Introduction to Data Analysis in Python

Making it prettier

While it's useful to be able to quickly plot any data we have in front of us, matplotlib's power comes from its configurability. Let's experiment with a dataset and see how much we can change the plot.
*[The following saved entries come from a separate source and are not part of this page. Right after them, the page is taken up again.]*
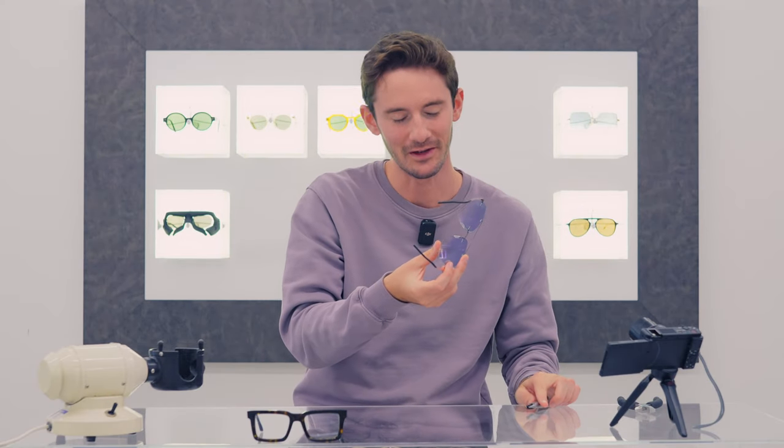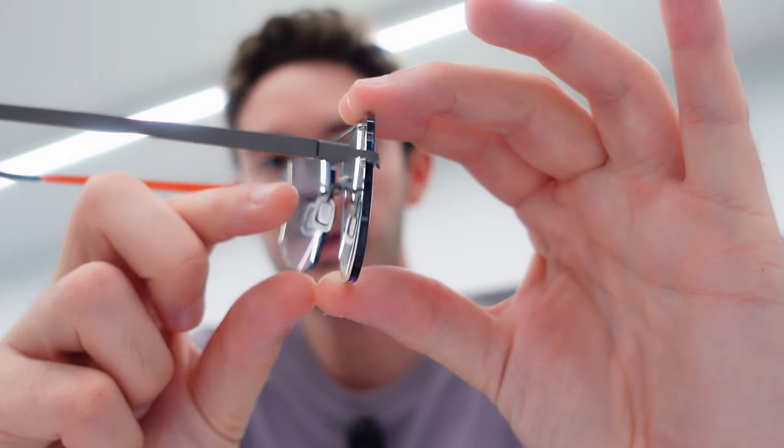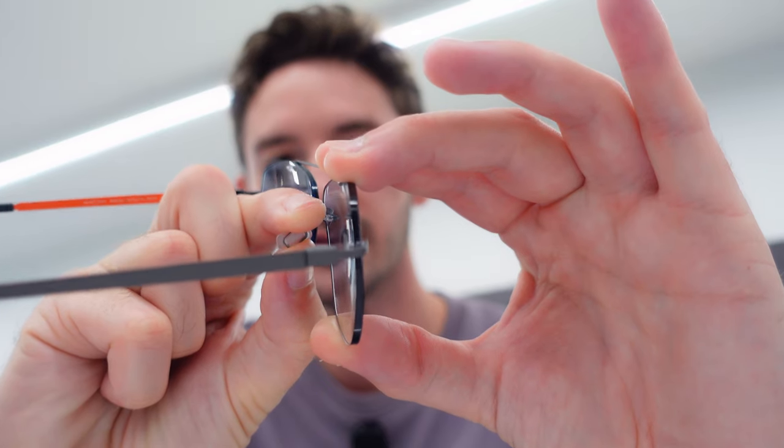A little extra tip: if you want to get both the bottom and the top of the lenses away from your face, what I'm going to do is just bring these backwards. That is going to push all of the frame well away from my face. You should see now that there's quite a lot of clearance between my face and the lenses.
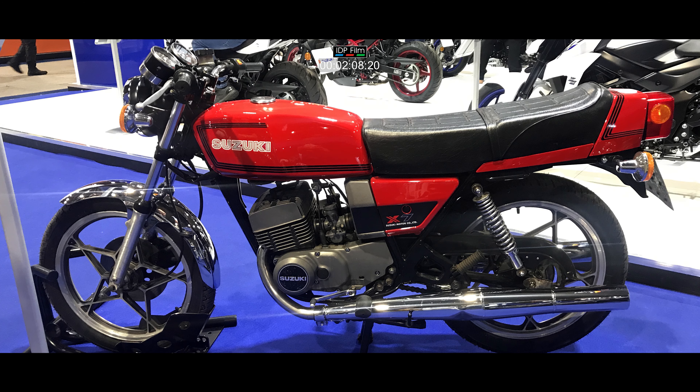The X7 was 24 kilograms — about 52 pounds — less weight than an air-cooled Yamaha RD250, and a staggering 50 kilograms lighter than the Honda CB250 Superdream, which I think everyone remembers.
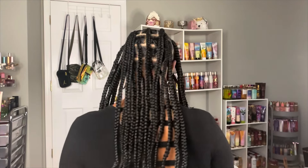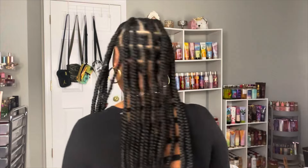She curled the ends as well, so I'm going to need some foam rollers to keep the curl on the end when I go to work. I'm really happy about them — I love the way they look, they are very, very neat. Let me turn all the way around — very, very neat. I am loving them.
Throughout this section we will also need to use some mathematical functions such as $\sin$ and $\cos$. They are provided by numpy, or numerical Python:

In [1]:
import numpy as np

We'll start with a simple DataFrame containing two columns, one with the values of a cosine, the other with the values of a sine.

In [2]:
import matplotlib.pyplot as plt
from pandas import DataFrame

We make X which is 254 regularly spaced values from $-\pi$ to $\pi$. We then make the $cos$ and $sin$ data by passing X to np.cos and np.sin:

In [3]:
X = np.linspace(-np.pi, np.pi, 256, endpoint=True)
data = {'cos': np.cos(X), 'sin': np.sin(X)}
trig = DataFrame(index=X, data=data)

trig.plot()
plt.show()

You can see that it has plotted the sine and cosine curves between $\pi$ and $-\pi$. Now, let's go through and see how we can affect the display of this plot.

Changing colours and line widths

First step, we want to have the cosine in blue and the sine in red and a slighty thicker line for both of them. To do this we need separate calls to the plot methods, one for each column in our DataFrame.
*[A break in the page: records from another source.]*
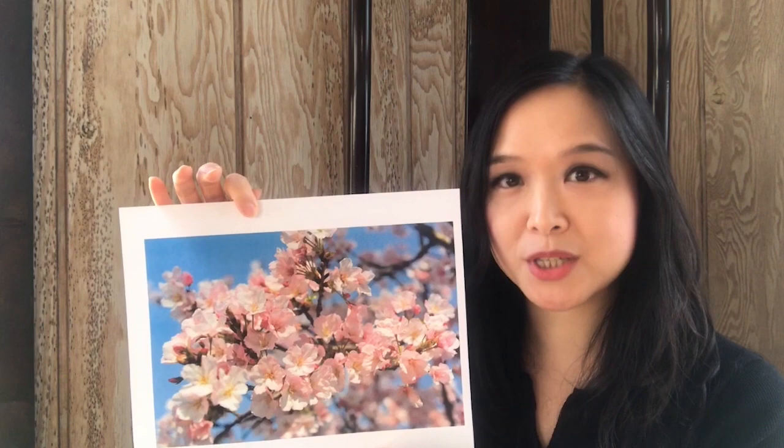Today we're going to try to paint some cherry blossoms. I have printed out some photographs to share with you. Hopefully, after you see these photographs, you'll be more inspired. This picture shows the flowers of cherry blossoms. They're mostly pink in color. Some of them are multi-layered, some of them are single-layered.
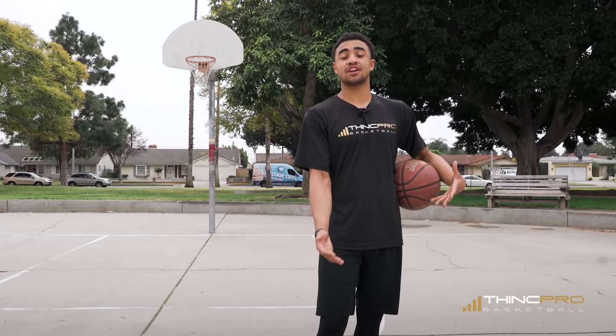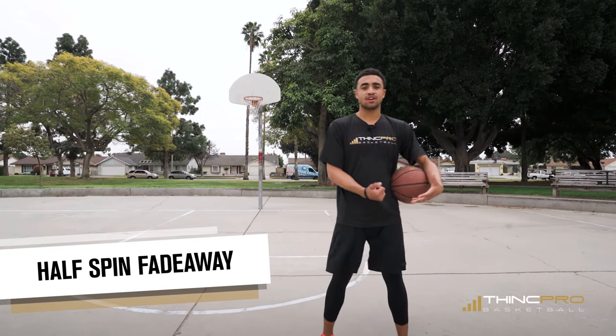Alright hoopers, we're moving on to move number two. What we just did was a full spin fadeaway jumper. Now we're going to give another variety of that — we're going to go with a half spin fadeaway jumper.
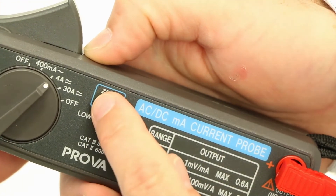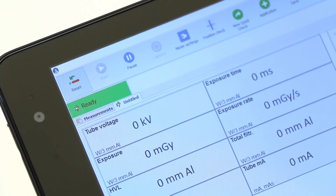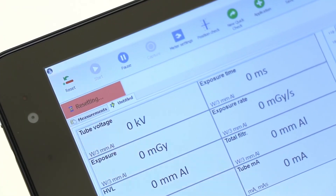Press 0 on the Mask 2. Press Reset in Ocean. And now you're ready to measure.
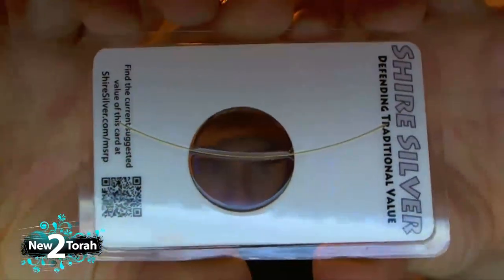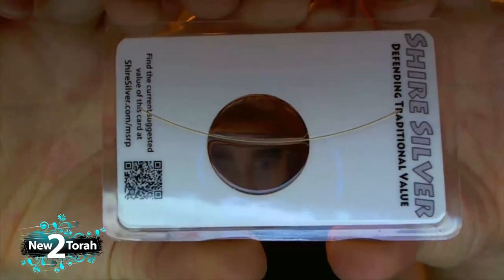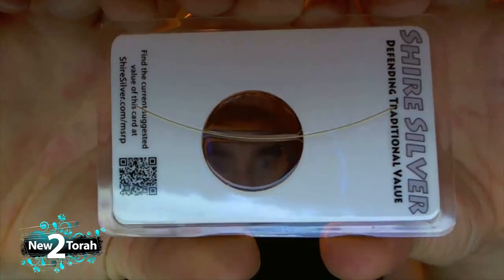There it is — that's the gold. It's a gold wire, 999 fine, one-tenth of a gram. You can get different cards: they even have a twentieth of a gram of gold, or you can get the half gram, which is a lot more — about five wires embedded in the card.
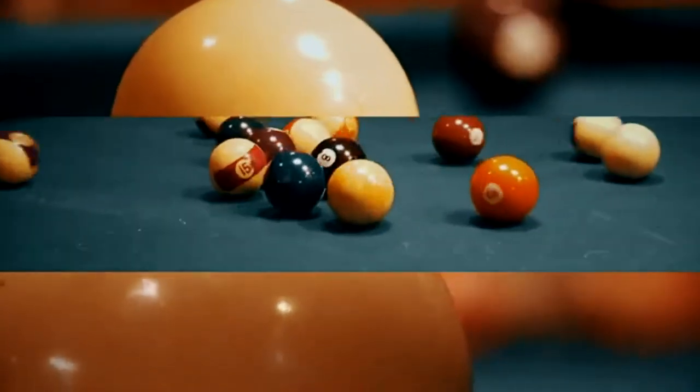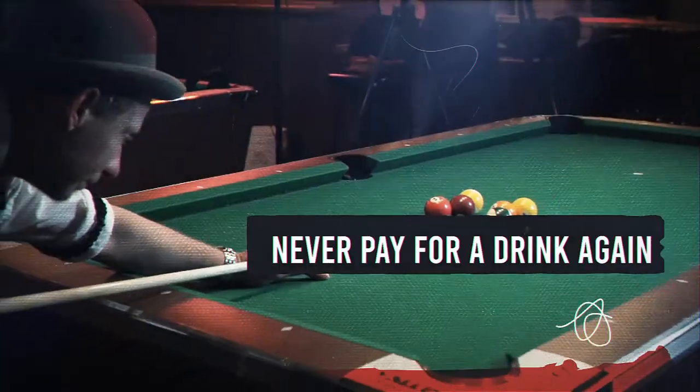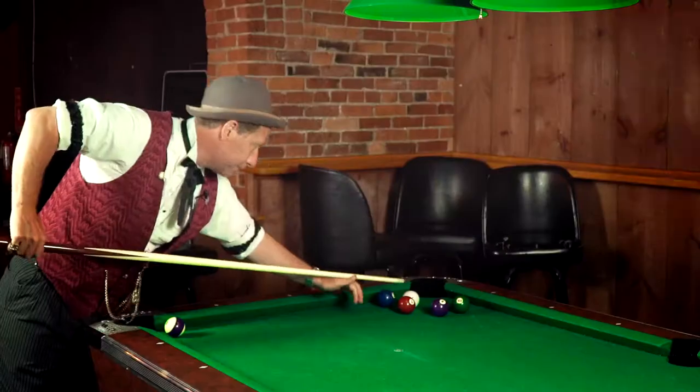I know I can make trick shots look really easy. I've been playing pool all my life, and these are about as easy as I claim them to be. I'm going to show you right now how to win three beers off of somebody. These are trick shots that are as much fun to learn as they are to perform.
In matplotlib, sinple plots are called Axes and the "page" as a whole are called Figures. We call the plt.subplots() which creates a single page with a single plot on it. It returns a pair of values: (figure, plot) which we assign to variables fig and ax.

We can pass this Axes object to our pandas plotting function to tell it where it should plot the data:

In [4]:
fig, ax = plt.subplots()

trig["cos"].plot(color="blue", linewidth=2.5, linestyle="-", ax=ax)
trig["sin"].plot(color="red", linewidth=2.5, linestyle="-", ax=ax)

plt.show()

Exercises

  • Using the temperature dataset, set the colours of the July and January lines to a warm colour and a cool colour.
  • Add in the yearly average column to the plot with a dashed line style.
  • answer

Setting ticks

Current ticks are not ideal because they do not show the interesting values ($\pm\pi$,$\pm\frac{\pi}{2}$) for sine and cosine. We’ll change them such that they show only these values.

For more advanced specifications of where the ticks should appear, matplotlib provides tick locators but for out simple case, calling ax.set_xticks is sufficient.

In [5]:
fig, ax = plt.subplots()

trig["cos"].plot(color="blue", linewidth=2.5, linestyle="-", ax=ax)
trig["sin"].plot(color="red", linewidth=2.5, linestyle="-", ax=ax)

### New code
ax.set_xticks([-np.pi, -np.pi/2, 0, np.pi/2, np.pi])
ax.set_yticks([-1, 0, +1])
### End of new code

plt.show()

Setting tick labels

Ticks are now properly placed but their label is not very explicit. We could guess that 3.142 is $\pi$ but it would be better to make it explicit. When we set tick values, we can also provide a corresponding label in the second argument list. Note that we’ll use LaTeX (by using $$) to allow for nice rendering of the label.

For more advanced or automated tick labelling, matplotlib provides tick formatters which can, for example, generate ticks based on a function. For this example, we can stick with just explicitly specifying the ticks.

In [6]:
fig, ax = plt.subplots()

trig["cos"].plot(color="blue", linewidth=2.5, linestyle="-", ax=ax)
trig["sin"].plot(color="red", linewidth=2.5, linestyle="-", ax=ax)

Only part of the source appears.